I mention the one-bedroom apartment because this is probably the thing most promised, and then not delivered. I have heard from many travelers that were promised a one-bedroom only to have their recruiter tell them they couldn’t find one, but would move them (from an extended stay hotel) to a one-bedroom as soon as one became available (which usually ends up being never).
To combat this, I always have the address of where I am staying at least a few days prior to arrival. If I were just starting with a new company, and they promised a one-bedroom apartment as part of my package, I would first make VERY clear to my recruiter that if I did not have the address prior to leaving, that I would NOT be leaving.
I would then hang up the phone and immediately call the company’s housing department and ask which apartment complexes they use in the area in which I would be traveling. Rarely, you may get to choose from a few complexes, but this is not the reason for my call.
If I am traveling to Ft Lauderdale for an assignment and they cannot even give me the names of a few of the complexes they have used in the past, what does that tell you about how many of their travelers actually see the inside of a one-bedroom apartment?

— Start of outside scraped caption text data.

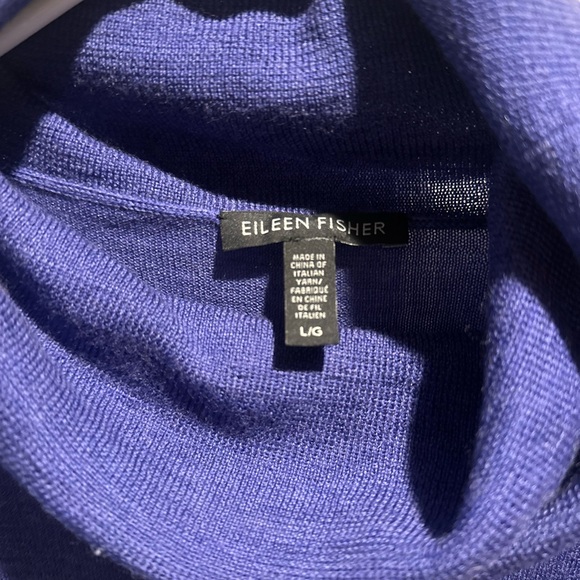 Eileen Fisher Women’s Deep purple Blue Turtleneck Sweater - Picture 4 of 8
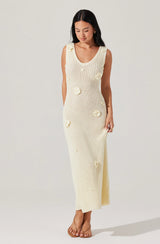 Ainhoa 3D Floral Maxi Sweater Dress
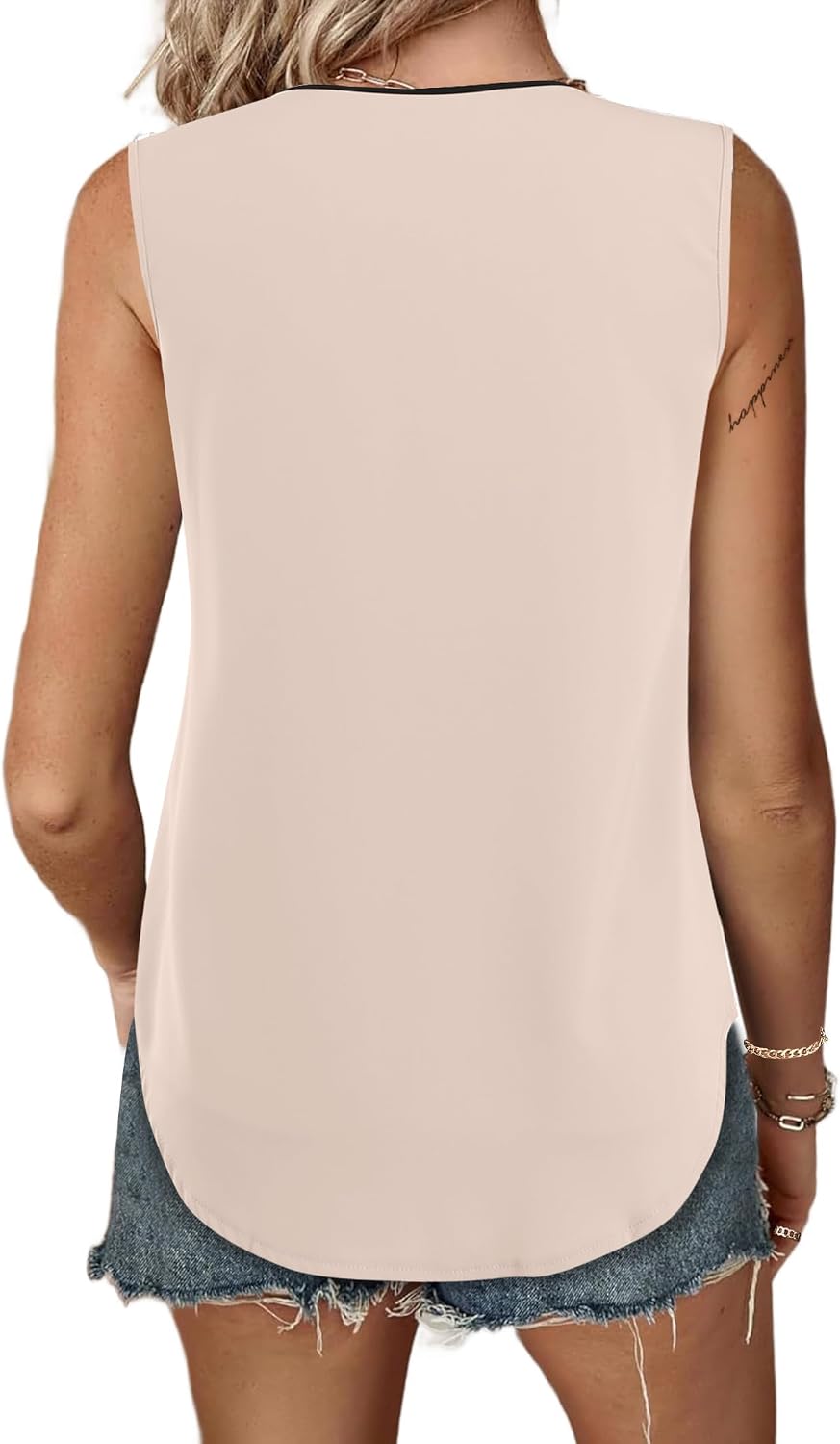 Women's Contrast Trim V Neck Work Tank Top, Beige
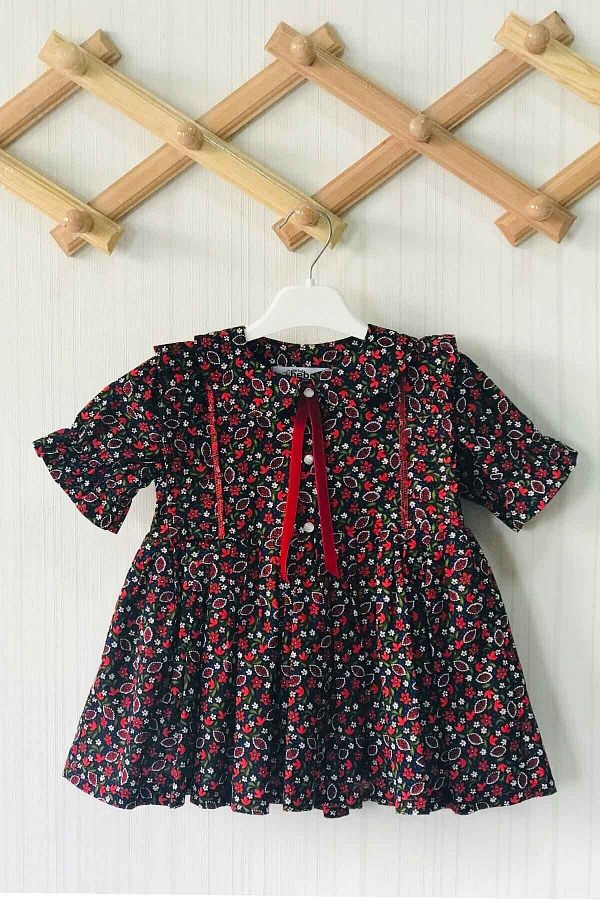 Bertuğ Bebek-Rochie din bumbac pentru bebelusi cu guler pentru bebelusi cu imprimeu floral de toamna 1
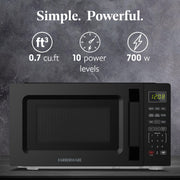 Nostalgia Countertop Microwave Oven, 700W Power, 0.7 Cu. Ft. Capacity, Digital Control Panel, 9.56-Inch Turntable, Child Safety Lock, Black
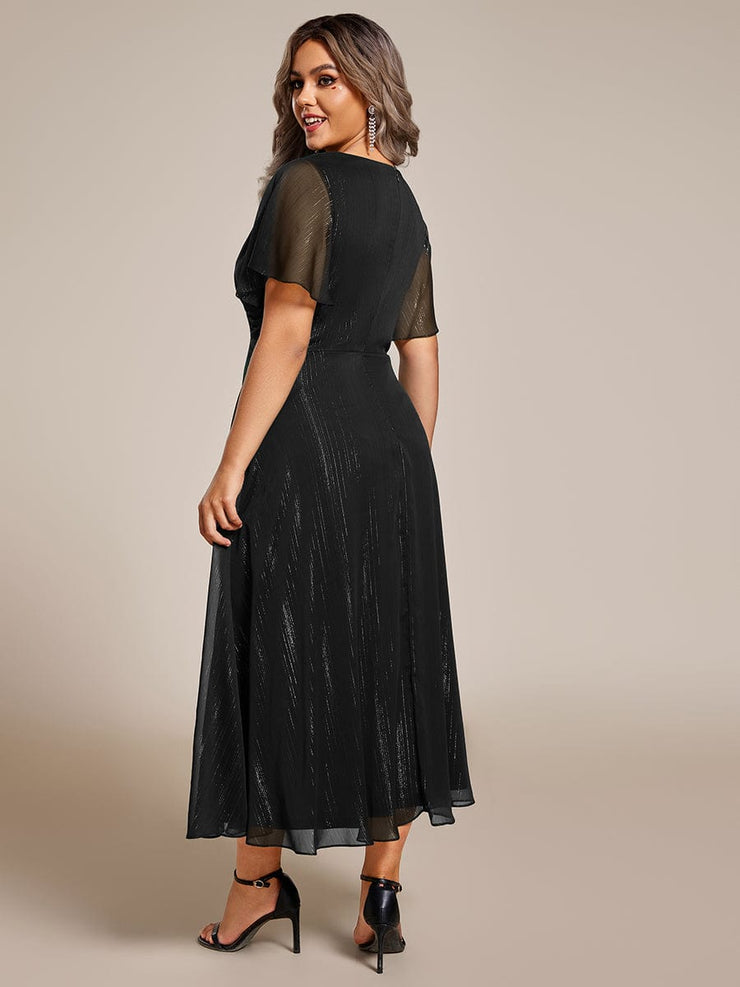 Plus Size Glitter Short Sleeve A-Line Midi Wedding Guest Dress with Ruffled Hem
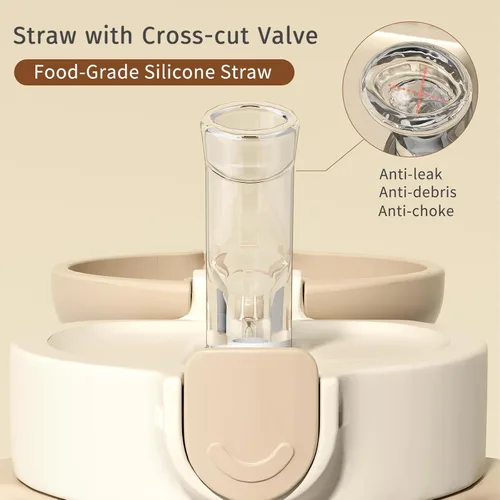 Miniatura 3 de Evorie - Taza antiderrame con pajita para niños pequeños de Tritan, 10 onzas / 300 ml para bebés y niños pequeños de 1 a 3 años, botella de agua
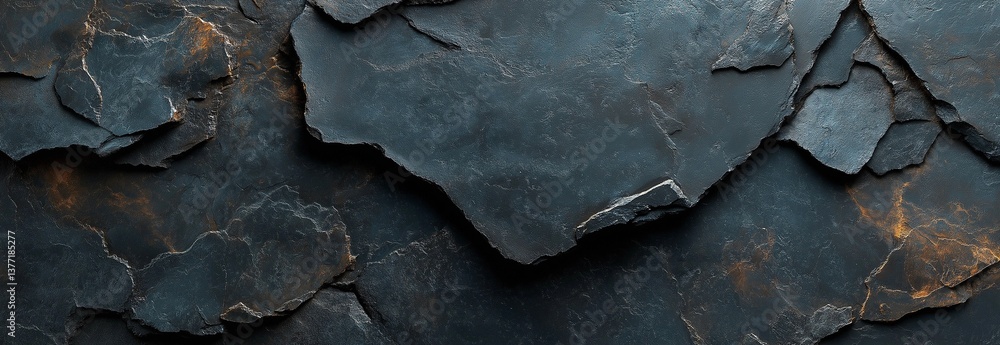 Fototapeta premium Dark slate rock with an irregular shape and rich texture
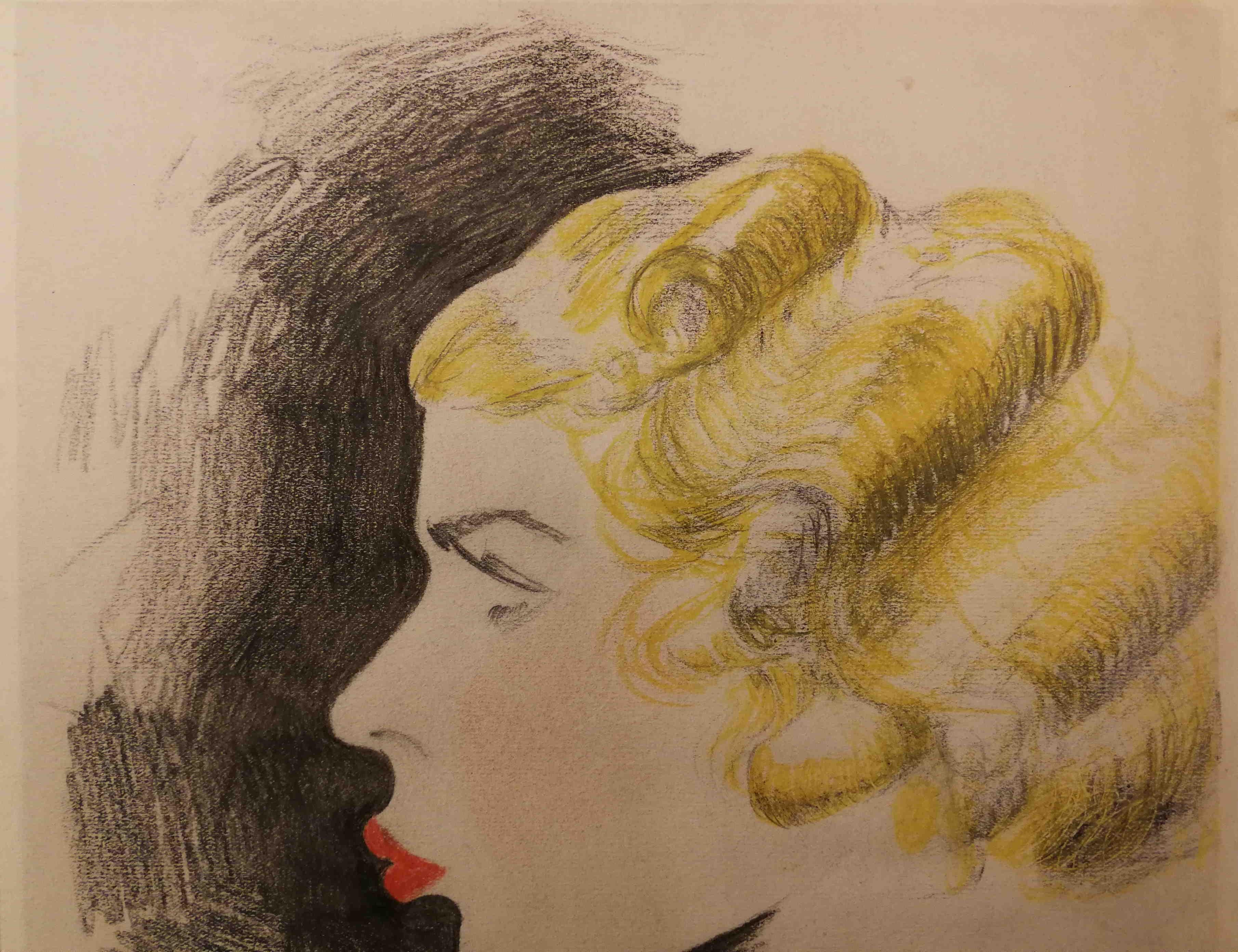 Portrait de femme Dessin années folles Monogramme Daté papier crayon en vente 1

I also like to have my address so that I can start to arrange for things like my cable and Internet provider.
Along with the aforementioned items, your contract may also include things like your expectations while on assignment (act professionally, follow the facility’s rules and regulations, etc). However, sometimes these are signed in a separate yearly document that is labeled something like “professional practice agreement” or such.
One thing you also want to note is the terms and conditions of your contract as far as cancellations. This is one area in which you do NOT want to see certain things.
If a company puts too much of the risk on you (regarding hospital cancellations) then you may want to consider carefully whether you are willing to assume that risk. While cancellations are not common, they are also not unheard of and some contracts I have seen will possibly have YOU paying for a remaining lease, or other “fees and penalties” for not completing your assignment, whether it was by any fault of your own, or the facility just canceled your contract because they no longer had a need.
There will also likely be wording in there about what may happen should you decide to cancel your contract and what “fees or penalties” they may impose in that situation.
Every company will word this differently, so look out for these clauses and see if you feel it places too much risk upon you in the event of a contract cancellation.
While I am not an attorney and cannot under any circumstance give you (or anyone) a legal interpretation of a travel contract, I do enjoy reading them to see how the different companies operate.
If you (or anyone) would ever like my “opinion”, merely as a travel nurse, please feel free to email me at email@example.com and attach a copy of your contract and I’ll be happy to look at it and give my opinion about any areas that would concern me.
I hope this helps.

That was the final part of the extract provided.